The latest version of the Linux Mint operating system is here… and it’s sticking around for a while.
Linux Mint 19 “Tara” is a long term support release that’s based on Ubuntu 18.04, which means it’ll receive official support until 2023.
But extended support is only one of the things that sets Linux Mint 19 apart from its predecessors. The operating system has a updated Software Manager and Update Manager, improved support for computers with display featuring high pixel density, and a feature called Timeshift that makes it easy to restore your computer to an earlier state if you encounter a problem.
Linux Mint 19 is available for download with a choice of Cinnamon, MATE, or Xfce desktop environments. There’s no official KDE option this time around.
The biggest change isn’t entirely new. Timeshift was first introduced in Linux Mint 18.3 and made available for older versions of the operating system. But it’s now more tightly integrated into the operating system.
Timeshift basically makes snapshots of your operating system so that if an OS or package update causes something to stop working, you could either choose to troubleshoot the specific issue or just restore from an earlier snapshot. It’s sort of like using system restore points on Windows.
Since Timeshift minimizes the risk that an update will damage your system, Linux Mint’s Update Manager also now makes it easier to enable automatic updates. Previously this was a feature for advanced users. But since there’s now an easier way to restore from backups, there’s less risk associated with automatic updates.
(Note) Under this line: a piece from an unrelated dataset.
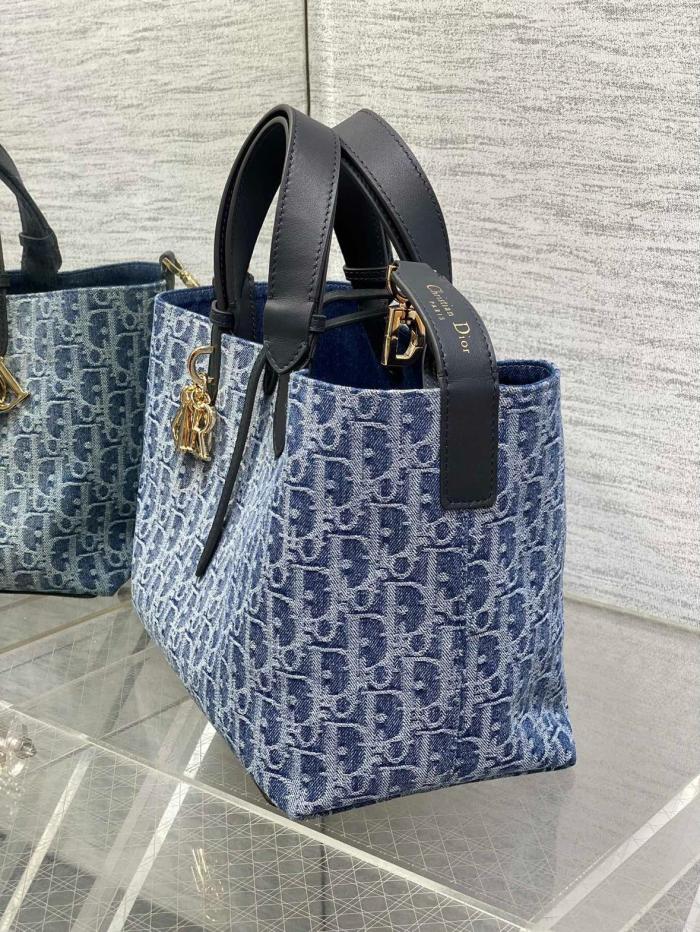 DIOR Toujours Oblique Jacquard Fabric Native Bag, One Shoulder Handbag Medium Women's Blue M2821ODCE-M49E size L28.5cm W17cm H21.5cm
Update Manager will show a warning if it detects Timeshift isn’t configured though.
The Linux Mint Software Manager also has an updated layout and user interface, faster sync, and support for searching within specific categories.
Linux Mint 19 also includes updated apps and features that will vary by desktop environment. For example, the Cinnamon version ships with Cinnamon 3.8 which is said to load apps an render windows more quickly, reduce lag when moving files over USB devices, and incldue better support for dark themes thanks to new icons.
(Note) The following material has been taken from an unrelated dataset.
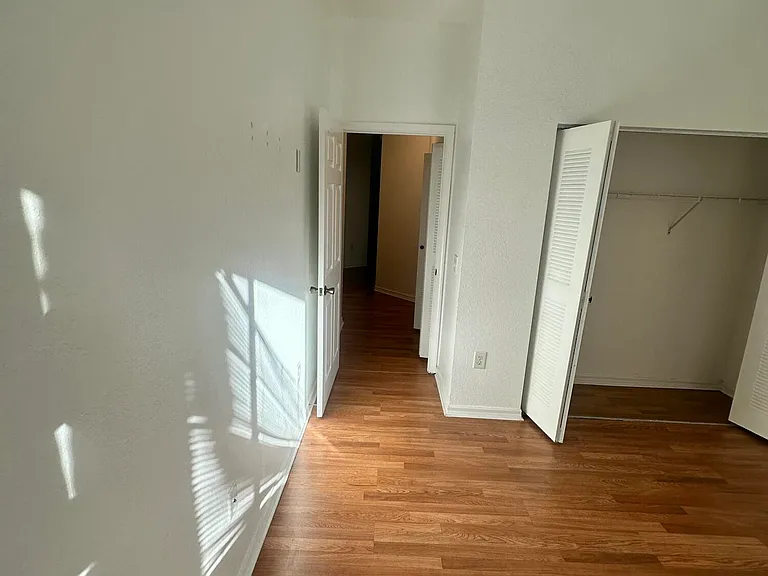 220 Crestwood Cir #106 — Photo 23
LInux Mint 19 Cinnamon also offers an option to crank the sound up to 11… or rather, 150 (you can set a maximum volume level between 0 and 150 percent in the Sound settings).
Ubuntu 18.04. Does that mean it has that Azure quasi-spyware embedded into it?
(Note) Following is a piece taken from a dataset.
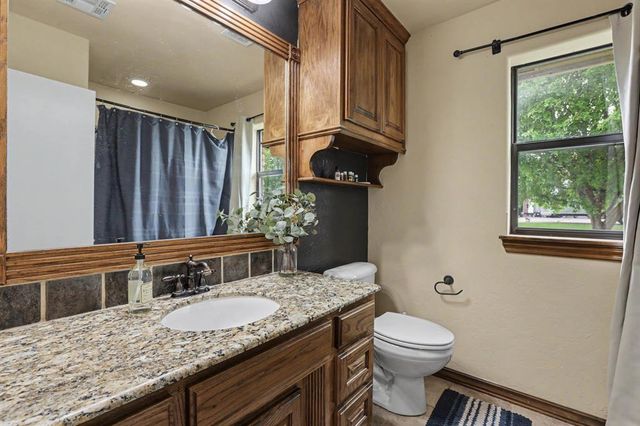 13140 E Big Sky Drive, Edmond, OK 73025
Although I am in love with KDE nowadays, I think I will move one of my laptops to Mint / Cinnamon.
I have had Mint on multiple of my systems for more than a couple of years and it has been a great experience.
I would say that Mint is the most polished Linux distro I have ever used. Fewer issues than Ubuntu (which it is based on)
Linux Mint has been my daily driver for many years. I often hear it is for Linux noobies but I like that it “just works” and lets me go about whatever I am doing without getting in the way. Timeshift is great, but I haven’t had a driver issue in years. I use Dell desktops/laptops and Dell is pretty Linux friendly. I even have an old netbook running Linux Mint (with LXDE).